- O secretário de Estado, Marco Rubio, afirmou que o Escudo das Américas deve crescer nos próximos meses conforme mudanças de governo na região.
- Mais de 14 países do hemisfério já se comprometeram a atuar com Washington em temas como combate às drogas e segurança.
- Rubio destacou que esse número deve aumentar à medida que eleições mudem lideranças em vários países.
- O Escudo das Américas foi lançado no começo deste ano pela Casa Branca para enfrentar cartéis de drogas e redes criminosas transnacionais.
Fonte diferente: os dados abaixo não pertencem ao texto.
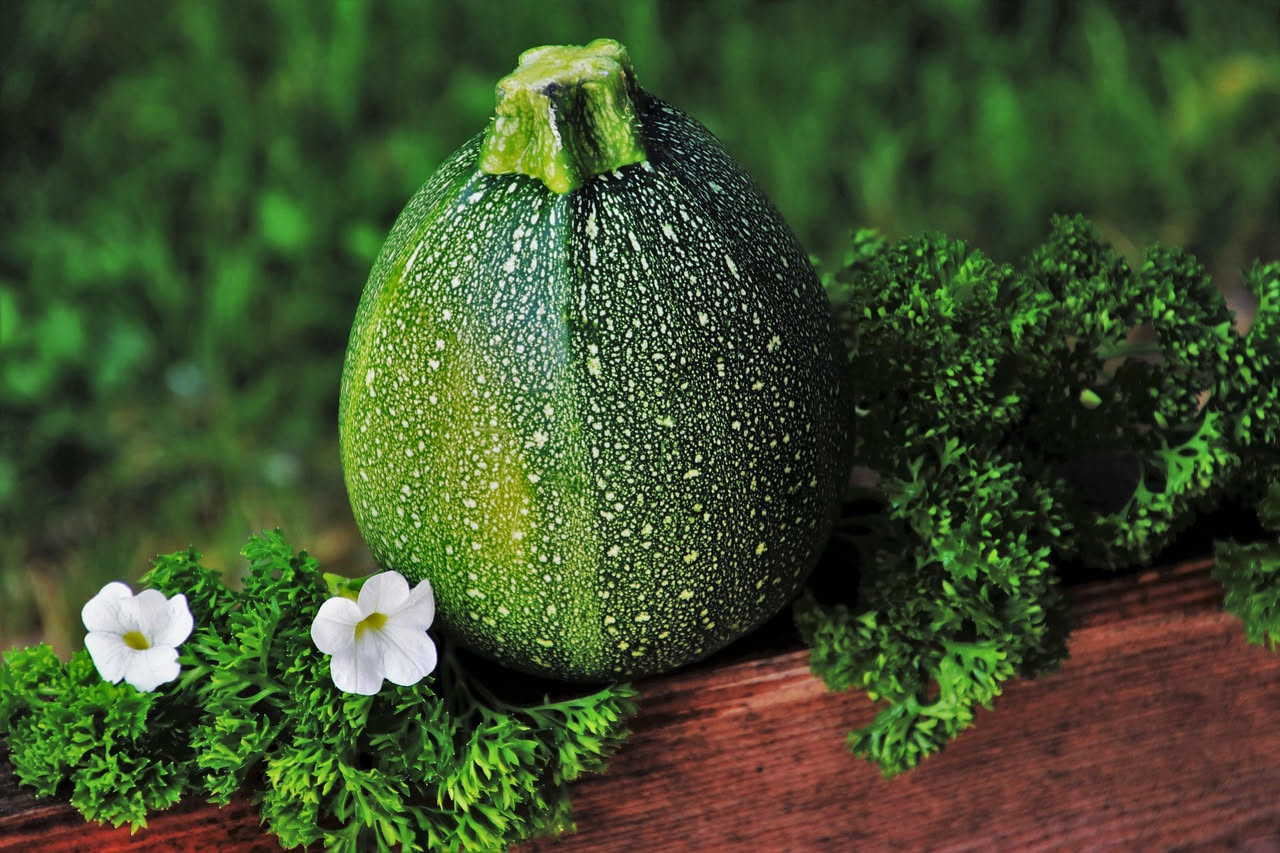 Zucchine al forno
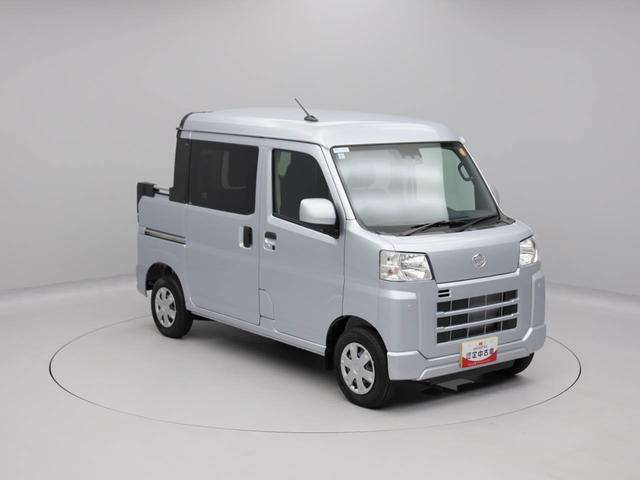 ハイゼットカーゴデッキバンＧキーフリー　衝突軽減装備（愛知県）の中古車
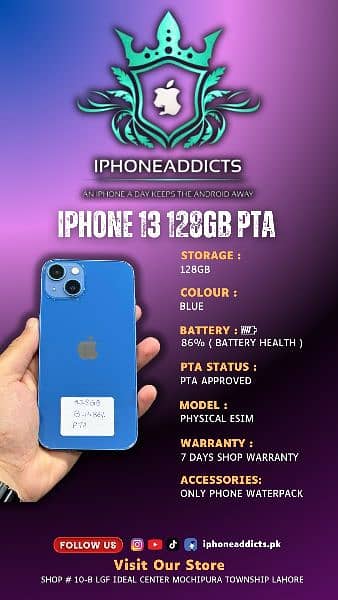 apple iphone 15 pro max / 15 pro jv 12 / 13 series pta approved 4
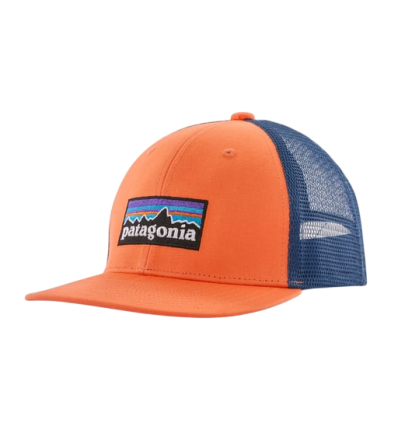 Детска Шапка Patagonia Kid's Trucker Hat Summer 2025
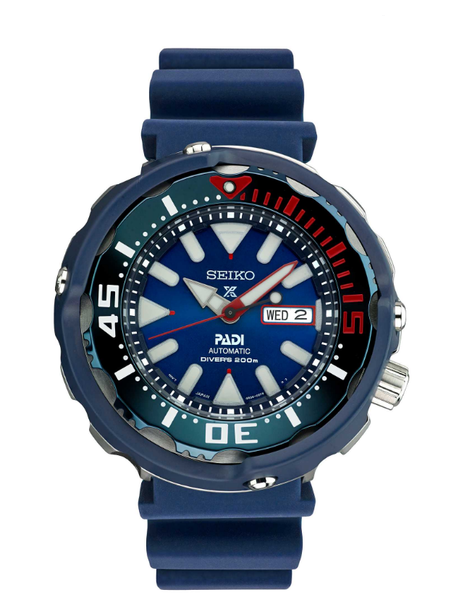 Seiko Prospex Automatic "PADI" Special Edition SRPA83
- O governo classificou o Primeiro Comando da Capital e o Comando Vermelho como organizações terroristas; Flávio Bolsonaro sugeriu que o Brasil integre o Escudo se for eleito.
O senador Marco Rubio, secretário de Estado dos EUA, afirmou nesta quarta-feira 3, durante audiência no Senado, que o Escudo das Américas deve ampliar a cooperação regional no combate ao crime, ao narcotráfico e ao terrorismo. A declaração ocorreu em Washington.
Rubio disse que mais de 14 países já se comprometeram a atuar em parceria com os EUA em temas de segurança e drogas. Segundo ele, esse número deve crescer conforme mudanças de governança na região.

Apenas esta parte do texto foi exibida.